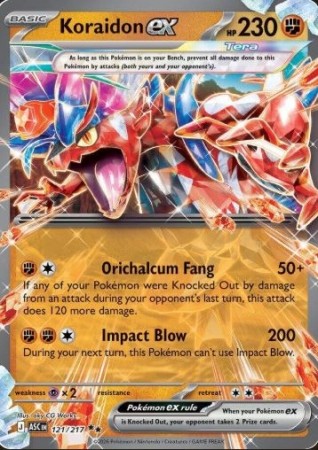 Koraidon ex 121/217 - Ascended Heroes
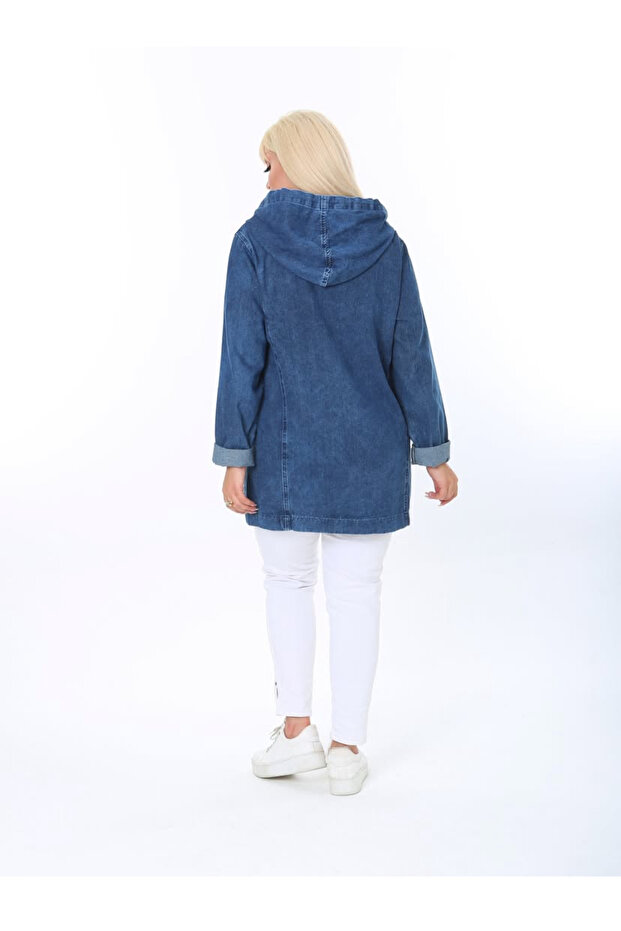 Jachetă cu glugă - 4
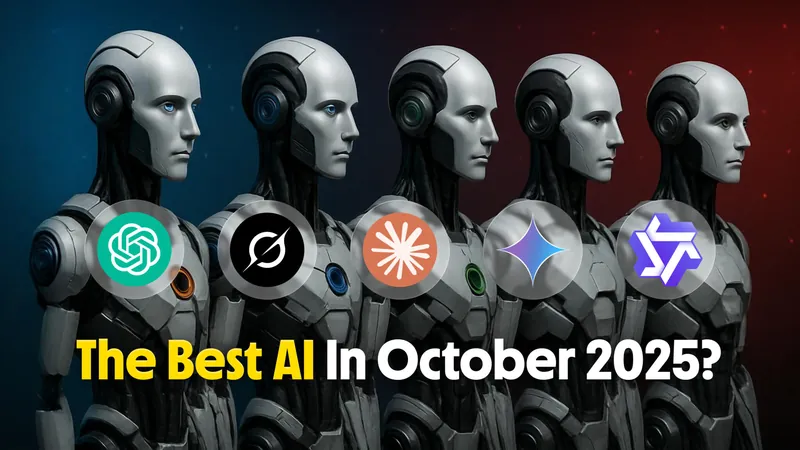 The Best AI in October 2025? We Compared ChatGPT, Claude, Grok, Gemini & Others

------

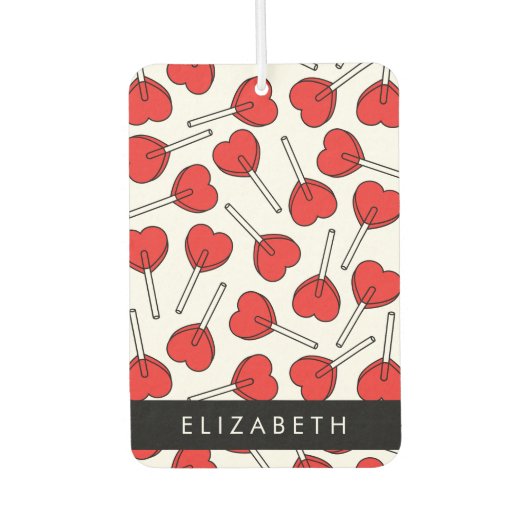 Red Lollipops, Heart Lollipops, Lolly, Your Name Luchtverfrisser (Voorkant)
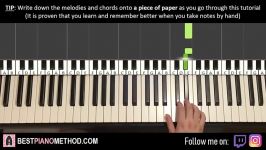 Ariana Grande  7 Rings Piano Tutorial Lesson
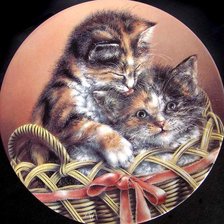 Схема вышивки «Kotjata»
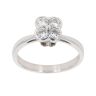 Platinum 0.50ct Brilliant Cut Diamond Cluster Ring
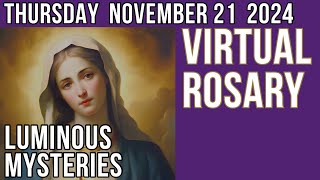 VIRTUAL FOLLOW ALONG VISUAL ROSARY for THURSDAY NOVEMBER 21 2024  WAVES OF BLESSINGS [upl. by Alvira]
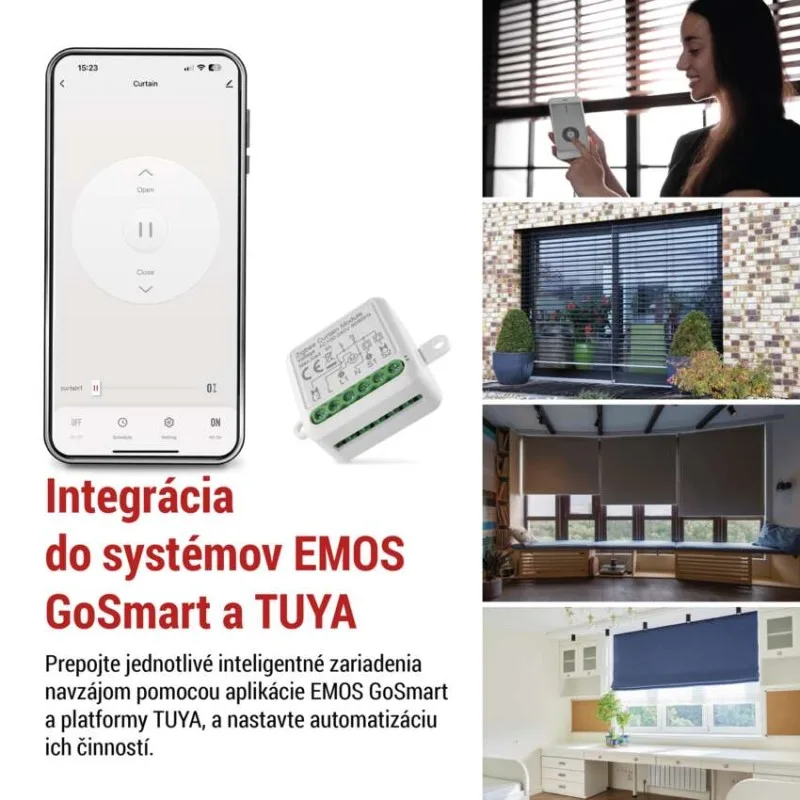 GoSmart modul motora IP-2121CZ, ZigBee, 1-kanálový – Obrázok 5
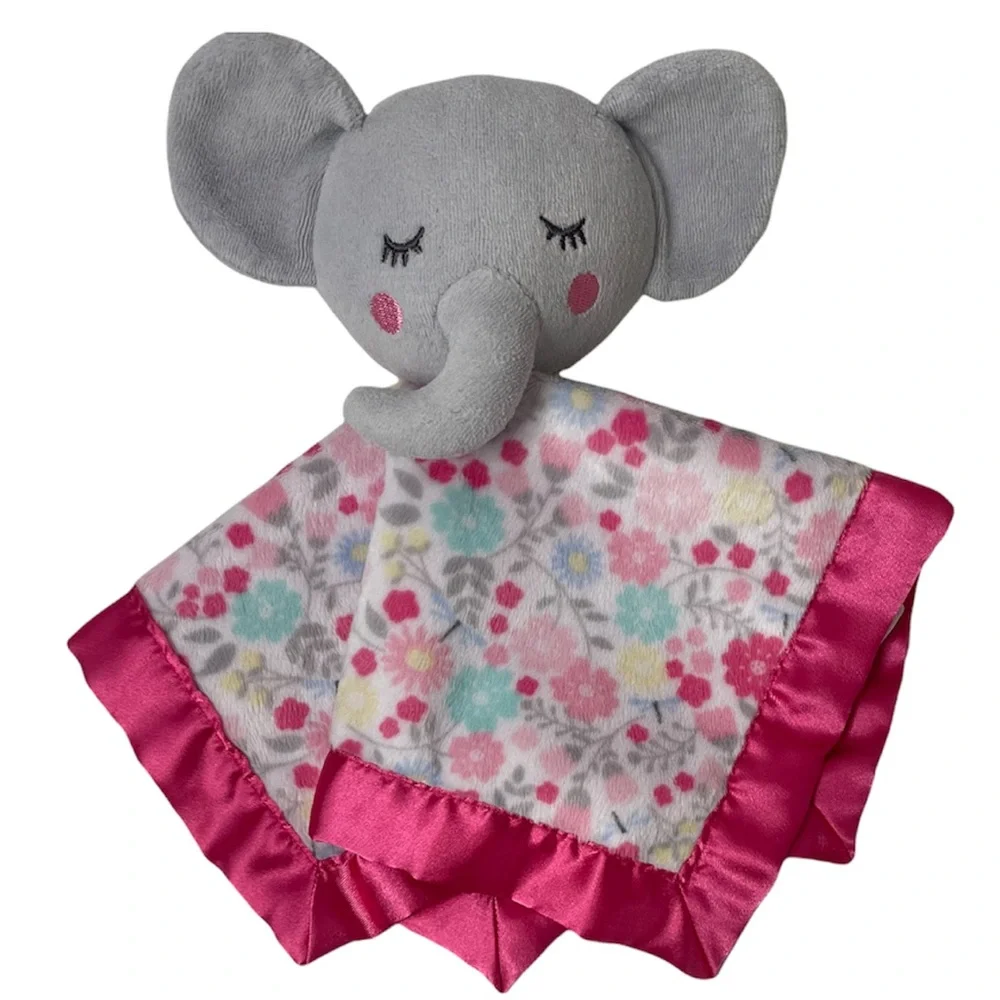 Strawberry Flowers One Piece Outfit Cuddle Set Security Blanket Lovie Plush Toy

------

**PROMPT:**
When you reach the line with "Red Lollipops, Heart" in the records above, start writing out each line exactly, and stop after the line with "VIRTUAL FOLLOW ALONG". Pictures stay out.

**EXERCISE SOLUTION:**
 Red Lollipops, Heart Lollipops, Lolly, Your Name Luchtverfrisser (Voorkant)
 Ariana Grande  7 Rings Piano Tutorial Lesson
 Схема вышивки «Kotjata»
 Platinum 0.50ct Brilliant Cut Diamond Cluster Ring
 VIRTUAL FOLLOW ALONG VISUAL ROSARY for THURSDAY NOVEMBER 21 2024  WAVES OF BLESSINGS [upl. by Alvira]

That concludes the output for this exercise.